## DESCRIPTION OF THE TASK
Set down exactly, from the records below, the line with "نمای پرسپکتیو محصول" through the line with "Hornungia petraea", and nothing else.

## RECORDS FOR THIS TASK
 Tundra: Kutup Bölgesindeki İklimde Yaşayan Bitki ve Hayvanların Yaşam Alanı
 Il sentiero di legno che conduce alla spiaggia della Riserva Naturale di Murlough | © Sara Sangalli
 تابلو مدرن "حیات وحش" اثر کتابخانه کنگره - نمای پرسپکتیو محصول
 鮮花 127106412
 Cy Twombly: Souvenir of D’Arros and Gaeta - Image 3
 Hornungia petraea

--

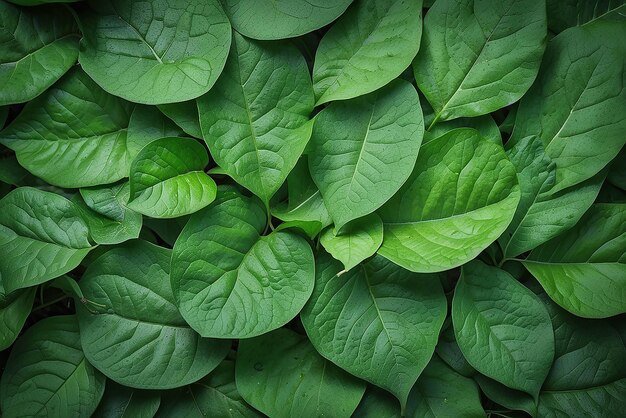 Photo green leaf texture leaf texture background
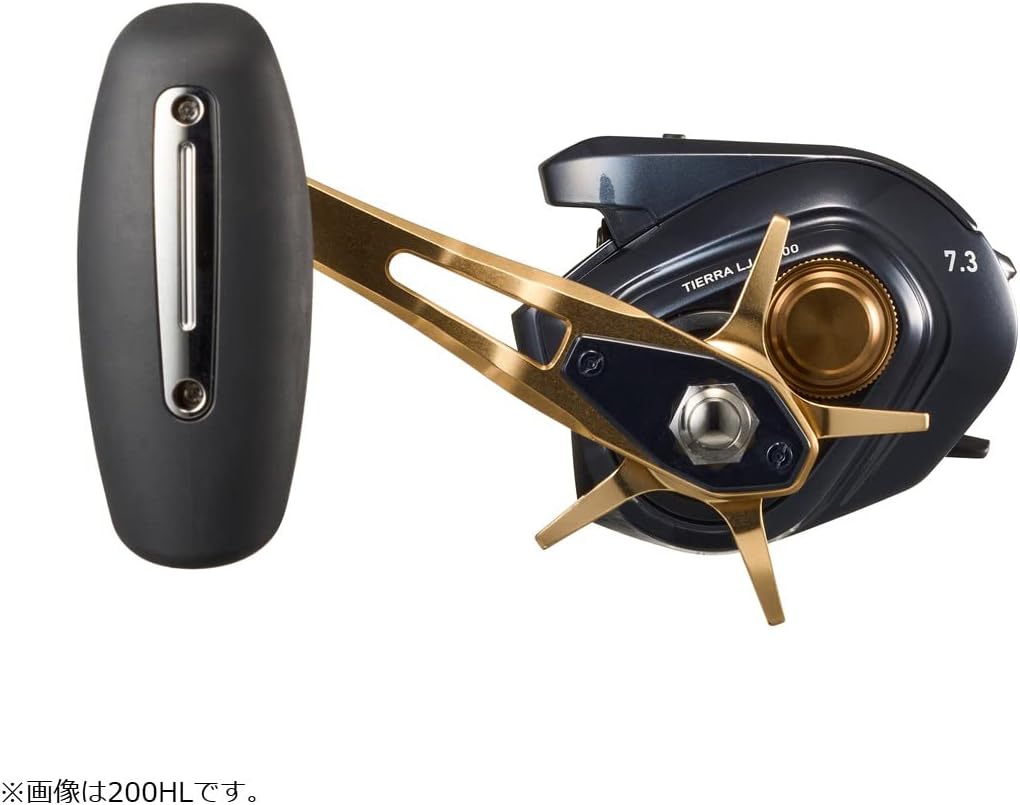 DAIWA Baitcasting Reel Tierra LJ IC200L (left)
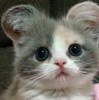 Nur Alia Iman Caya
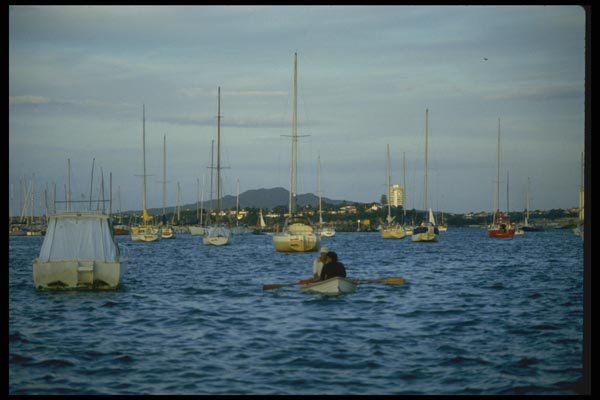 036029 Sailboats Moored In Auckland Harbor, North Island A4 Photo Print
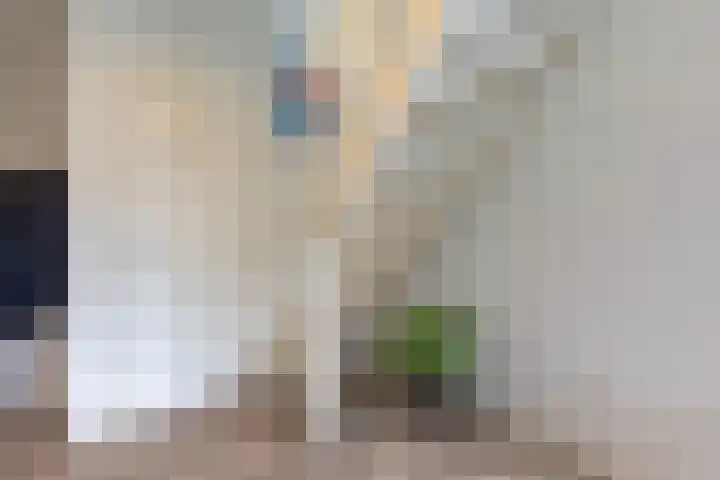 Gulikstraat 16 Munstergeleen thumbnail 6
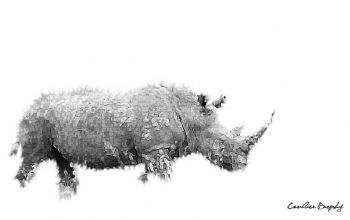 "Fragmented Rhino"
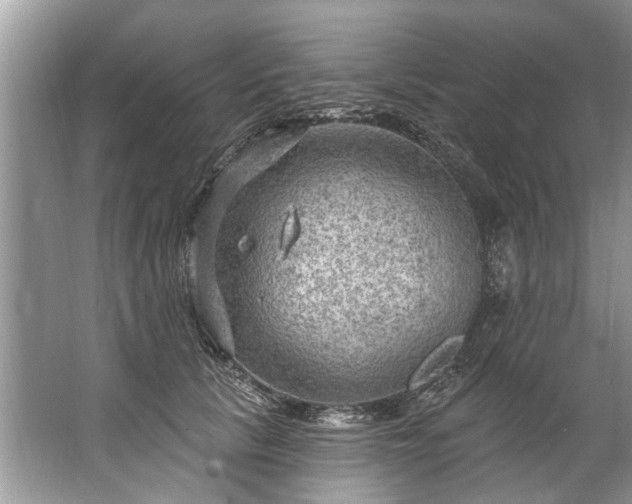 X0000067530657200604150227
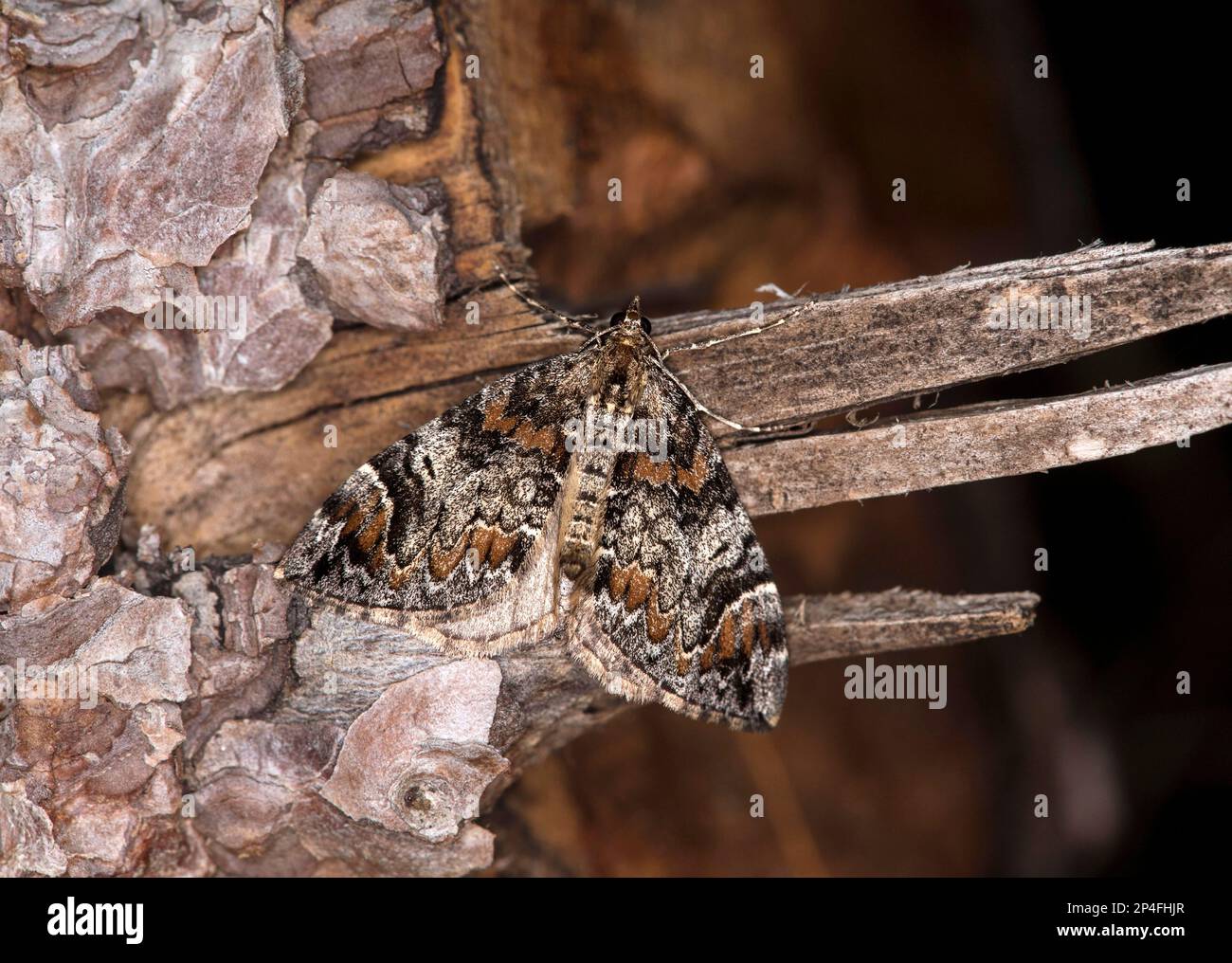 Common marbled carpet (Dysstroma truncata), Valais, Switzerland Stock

---

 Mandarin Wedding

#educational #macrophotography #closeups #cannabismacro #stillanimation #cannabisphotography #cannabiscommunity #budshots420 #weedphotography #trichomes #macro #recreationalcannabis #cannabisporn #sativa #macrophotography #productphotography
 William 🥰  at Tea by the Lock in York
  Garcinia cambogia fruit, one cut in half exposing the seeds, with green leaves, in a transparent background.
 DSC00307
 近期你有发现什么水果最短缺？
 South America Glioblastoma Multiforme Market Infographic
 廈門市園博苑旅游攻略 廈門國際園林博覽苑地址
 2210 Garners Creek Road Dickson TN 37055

## RESPONSE AREA
 تابلو مدرن "حیات وحش" اثر کتابخانه کنگره - نمای پرسپکتیو محصول
 鮮花 127106412
 Cy Twombly: Souvenir of D’Arros and Gaeta - Image 3
 Hornungia petraea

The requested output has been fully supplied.